Especially for people who struggle with anxiety, breathing exercises can be effective in preventing anxious thoughts from spiralling out of control and keeping physical symptoms of stress under control. A large body of research shows that deep breathing can help lower cortisol levels (cortisol is one of the main stress hormones) and temporarily lower blood pressure. Breathing exercises are simple and short. Try this 2-minute meditation to practice your deep breathing. Although the idea of active relaxation may seem counterintuitive, it is a great exercise that can reduce stress, relieve physical tension and bring many health benefits.

Active relaxation is basically any activity that relaxes, yet stimulates, the body and mind. Active relaxation can reduce mental stress and relieve physical tension, making it an all-round beneficial activity. Read on to learn more about active relaxation, some common techniques and their positive effects on senior health. Although it can be a high-intensity workout, active relaxation techniques are also very beneficial.

Similar to guided meditation, this form of active relaxation uses imagery and sensory perceptions to conjure up a relaxing scene or experience in the mind. Practising deep breathing techniques is not only a form of active relaxation, but also an excellent tool when you are feeling stressed or anxious. A long walk, leaving your mobile phone at home or in the car, is a good way to practise active relaxation. On the other hand, active relaxation offers a sense of calm and rest without having to completely switch off your mind or body.

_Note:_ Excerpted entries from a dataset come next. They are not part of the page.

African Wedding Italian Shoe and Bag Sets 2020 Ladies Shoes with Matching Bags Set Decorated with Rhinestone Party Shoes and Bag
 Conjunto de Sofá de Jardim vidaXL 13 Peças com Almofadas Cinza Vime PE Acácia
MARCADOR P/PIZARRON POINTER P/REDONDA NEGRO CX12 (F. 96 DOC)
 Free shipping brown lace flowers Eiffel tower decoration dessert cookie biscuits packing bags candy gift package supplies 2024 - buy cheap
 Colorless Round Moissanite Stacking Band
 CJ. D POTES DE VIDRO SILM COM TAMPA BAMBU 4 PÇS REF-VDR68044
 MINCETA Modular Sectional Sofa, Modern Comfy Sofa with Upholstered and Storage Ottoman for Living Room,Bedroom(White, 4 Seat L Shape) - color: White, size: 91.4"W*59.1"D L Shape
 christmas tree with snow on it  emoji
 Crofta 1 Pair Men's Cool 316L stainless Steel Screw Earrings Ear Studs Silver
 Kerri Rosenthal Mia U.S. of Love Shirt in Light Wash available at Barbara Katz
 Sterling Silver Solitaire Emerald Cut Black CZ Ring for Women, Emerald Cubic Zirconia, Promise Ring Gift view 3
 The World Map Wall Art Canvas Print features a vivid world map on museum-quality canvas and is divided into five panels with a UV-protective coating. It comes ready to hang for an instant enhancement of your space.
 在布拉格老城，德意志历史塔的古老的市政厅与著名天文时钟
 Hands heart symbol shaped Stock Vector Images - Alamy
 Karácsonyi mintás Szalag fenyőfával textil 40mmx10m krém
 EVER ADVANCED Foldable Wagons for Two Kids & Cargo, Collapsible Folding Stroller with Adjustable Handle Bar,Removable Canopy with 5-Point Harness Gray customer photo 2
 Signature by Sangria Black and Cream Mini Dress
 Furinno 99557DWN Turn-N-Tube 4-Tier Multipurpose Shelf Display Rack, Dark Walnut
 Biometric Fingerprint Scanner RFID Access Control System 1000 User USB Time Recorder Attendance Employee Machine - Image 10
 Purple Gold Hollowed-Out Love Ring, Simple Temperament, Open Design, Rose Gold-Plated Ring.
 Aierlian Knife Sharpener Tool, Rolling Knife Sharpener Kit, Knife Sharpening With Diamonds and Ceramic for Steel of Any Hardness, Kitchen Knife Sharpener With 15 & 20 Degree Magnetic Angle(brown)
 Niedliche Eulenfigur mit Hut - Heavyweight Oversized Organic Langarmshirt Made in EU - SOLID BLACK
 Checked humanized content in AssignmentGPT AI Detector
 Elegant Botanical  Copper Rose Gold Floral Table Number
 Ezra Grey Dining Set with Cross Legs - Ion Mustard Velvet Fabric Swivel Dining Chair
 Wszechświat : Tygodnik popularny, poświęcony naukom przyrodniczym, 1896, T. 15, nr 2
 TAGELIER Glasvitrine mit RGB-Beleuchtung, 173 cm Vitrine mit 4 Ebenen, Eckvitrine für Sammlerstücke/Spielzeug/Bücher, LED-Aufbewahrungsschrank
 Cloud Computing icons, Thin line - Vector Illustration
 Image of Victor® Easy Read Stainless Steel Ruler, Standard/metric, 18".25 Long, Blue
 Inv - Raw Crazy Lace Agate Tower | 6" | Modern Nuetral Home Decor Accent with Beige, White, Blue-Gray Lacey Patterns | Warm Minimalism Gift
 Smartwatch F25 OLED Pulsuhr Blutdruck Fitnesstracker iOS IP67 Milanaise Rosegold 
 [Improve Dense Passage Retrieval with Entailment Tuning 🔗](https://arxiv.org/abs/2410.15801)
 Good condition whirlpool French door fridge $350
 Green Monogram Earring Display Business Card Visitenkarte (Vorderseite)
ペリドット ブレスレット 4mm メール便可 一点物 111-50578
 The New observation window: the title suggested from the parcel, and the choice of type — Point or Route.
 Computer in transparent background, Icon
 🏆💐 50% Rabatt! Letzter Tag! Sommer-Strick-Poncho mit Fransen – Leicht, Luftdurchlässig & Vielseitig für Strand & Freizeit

There is no right or wrong way to practice active relaxation as long as you engage and relax your body at the same time. The good news with chronic stress is that it can be managed through certain lifestyle habits, including active relaxation. Observing the trees and nature around you without being distracted can help your mind relax, but your body is still engaged in the physical activity of the walk. In this active relaxation technique, you repeat statements to yourself about what you want to feel.

There are several active relaxation techniques, but Progressive Muscle Relaxation (PMR) is one of the most common. Active relaxation is a practice that leads to both stress reduction and coping with other additional benefits.